Whether American elites (of which I am a card-carrying member) will fare any better in 2016 should the Electoral College by some miracle take the election away from Donald Trump than American elites fared in 1824 when they took the election away from Andrew Jackson is doubtful.  Such a success will temporarily disempower Donald Trump while almost certainly increasing the rage of his supporters.  Whether justified or not, Trump voters and some others will perceive that a corrupt bargain has taken place and redouble their efforts to gain control of the national government.  The gridlock produced by a Hillary Clinton presidency is likely to further augment the number of enraged Trump voters who will either elect Trump or someone as bad in 2020 (an electoral college compromise that produces John Kasich or Paul Ryan is hardly better).
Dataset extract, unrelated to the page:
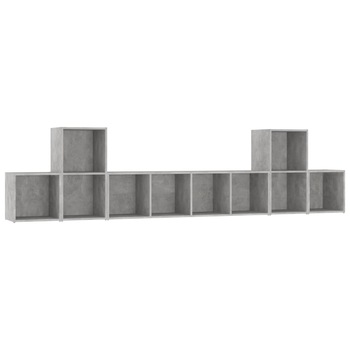 Set de 5 dulapuri TV cu montaj pe perete vidaXL, PAL, 142.5 x 35 x 36.5 cm, Gri beton Set de 5 dulapuri TV cu montaj pe perete vidaXL, PAL, 142.5 x 35 x 36.5 cm, Gri beton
The lesson 1824 should teach 2016 is that the approximately 47% of voters who cast ballots for Donald Trump on election day is the most fundamental crisis of our time rather the accidental outcome that a person grossly unfit for the presidency was elected this time.  A nation in which 47% of the voters are willing to vote for a person patently unqualified to be president of the United States (or Treasurer of the Linden Community Civil Association for that matter) is a nation in deep constitutional trouble regardless of whether by accidents of timing and whether that candidate wins or loses.  And, under the rules, the candidate won.  Claims that Clinton “really” won the election because she won the majority of the popular vote are the political equivalent of northern claims before the Civil War that Southerners only gained control of the national government because their representation in Congress and the Electoral College was augmented by the three-fifths clause.  True, but beside the point. 
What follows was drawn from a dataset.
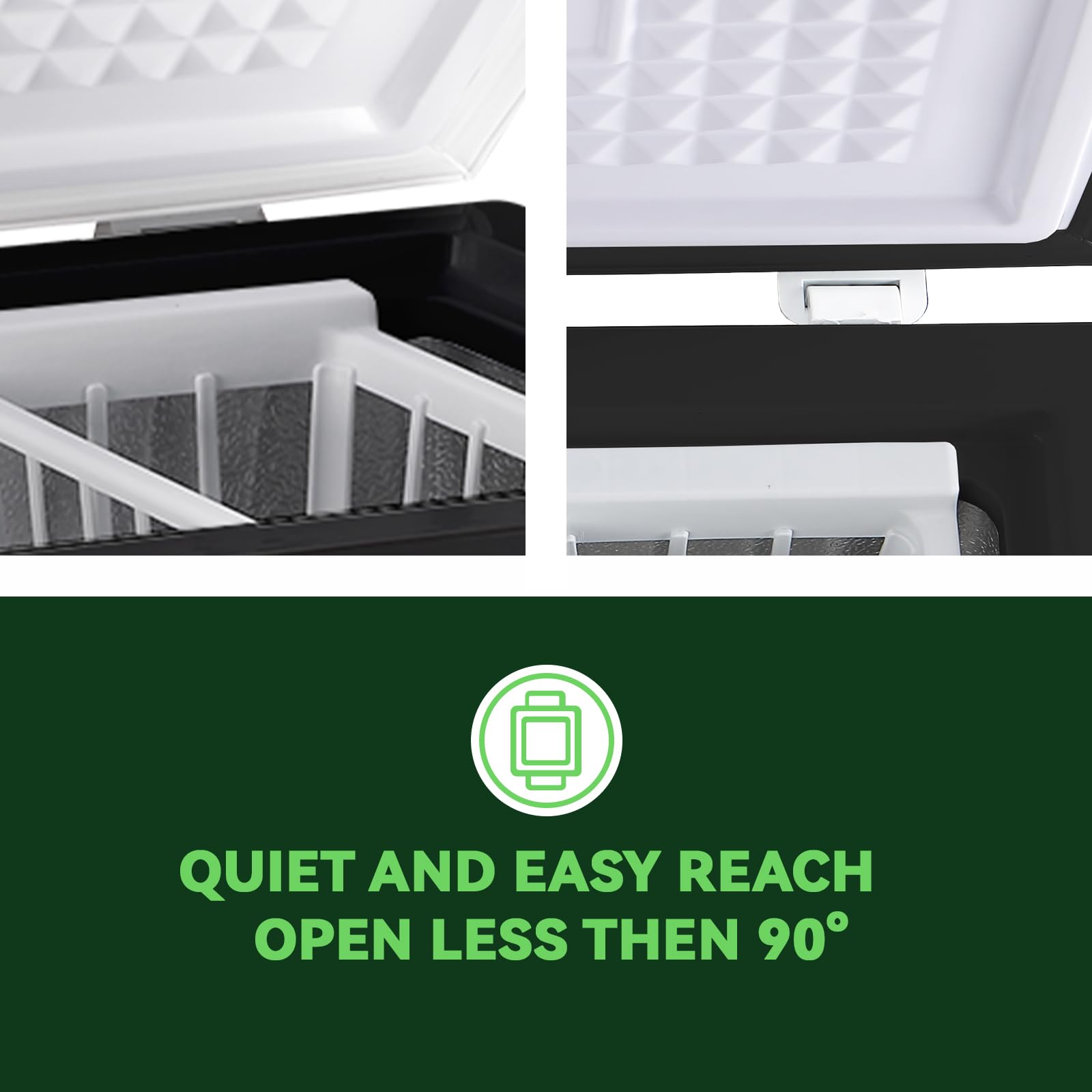 3.5 Cu.Ft Black Chest Freezer - Compact Deep Freezer with Adjustable Thermostat & Removable Basket - Perfect for Garage, Basement, Apartment, Kitchen & Small Business Use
Andrew Jackson (eventually) and Donald Trump gained office because they garnered enough support to win national elections under the rules that then governed national elections.  Demonstrations that the rules were not democratic, even grossly undemocratic, neither change this political fact nor change the political fact that approximately half the American people approve of Donald Trump nor change the political fact that to regain control of the national government, the left will have to win by playing according to existing rules and practices (which are likely to become even worse during the Trump presidency).  Once the left gains control of the national government, then and only then should left worry about what constitutional rules can be changed informally and what ought to be changed formally.  In the meantime, we need to follow Abraham Lincoln, who spent almost no time during the 1850s persuading the already persuaded that the three-fifths rule was unfair and a good deal of time persuading crucial voters (by the rules of the time) that both their principles and their self-interest were better served by Republicans than Jacksonian Democrats.  One hopes this lesson is learned in less than thirty years.

UPDATE: I really should read the most recent Balkinization posts before posting.  Needless to say, while I share Sandy's fears about a Trump presidency, I think the lesson history teaches is that constitutional parlor tricks (which is what I perceive the "Hamiltonian" solution to be) are failures, even when they work.  Perhaps, however, one reason is that I genuinely think that a Rubio presidency with the present Congress is likely to be about as bad as a Trump presidency.